Existem algumas limitações que devem ser levadas em consideração na interpretação deste estudo. O peso do lobo remanescente foi calculado utilizando as medidas da ultra-sonografia que é dependente de um médico. Além disso, embora o desempenho técnico do procedimento de hemitiroidectomia seja bastante simples e deva incluir a ressecção do istmo, não podemos excluir que pequenas variações na extensão da ressecção possam existir e possam impactar o risco de hipotiroidismo, porque o menor volume remanescente da tireóide mostrou aumentar o risco de PH.

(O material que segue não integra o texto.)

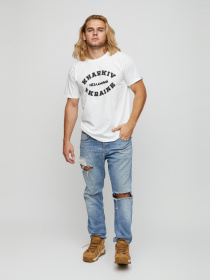 Футболки и поло YAPPI модель MW2752 Фото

No entanto, nossos dados foram eficientes para criar um sistema de pontuação de risco simples e preciso para prever o hipotiroidismo antes da cirurgia. Do ponto de vista prático, ser capaz de prever a probabilidade individual do paciente de desenvolver PH é de valor ao fazer planos diagnósticos e terapêuticos, escolhendo um tipo de operação. Um acompanhamento mais próximo ou um início mais precoce da terapia de reposição hormonal tiroidiana deve ser aconselhável para os pacientes de alto risco.
5. Conclusões
Após a hemitireoidectomia, aproximadamente 1 em cada 5 pacientes apresenta hipotireoidismo. 90% desses casos manifestam-se em 2-6 meses após a operação e o estado final da função tireoidiana poderia ser determinado em 12 meses após a hemitireoidectomia. O estudo atual mostra que os preditores mais importantes no desenvolvimento do hipotiroidismo são o nível sérico de TSH pré-operatório e a relação entre o peso da tireóide restante e o peso do paciente. O sistema simples de pontuação de risco proposto em nosso estudo é uma ferramenta válida e confiável para identificar pacientes que estão em risco de hipotiroidismo pós-hemitiroidectomia antes da cirurgia.
Aprovação Ética
Número de registro do julgamento pelo Comitê de Ética em Pesquisa Biomédica Regional de Vilnius é 158200-12-129-05LP8.
Conflito de Interesses
Os autores declaram que não há conflito de interesses em relação à publicação deste trabalho.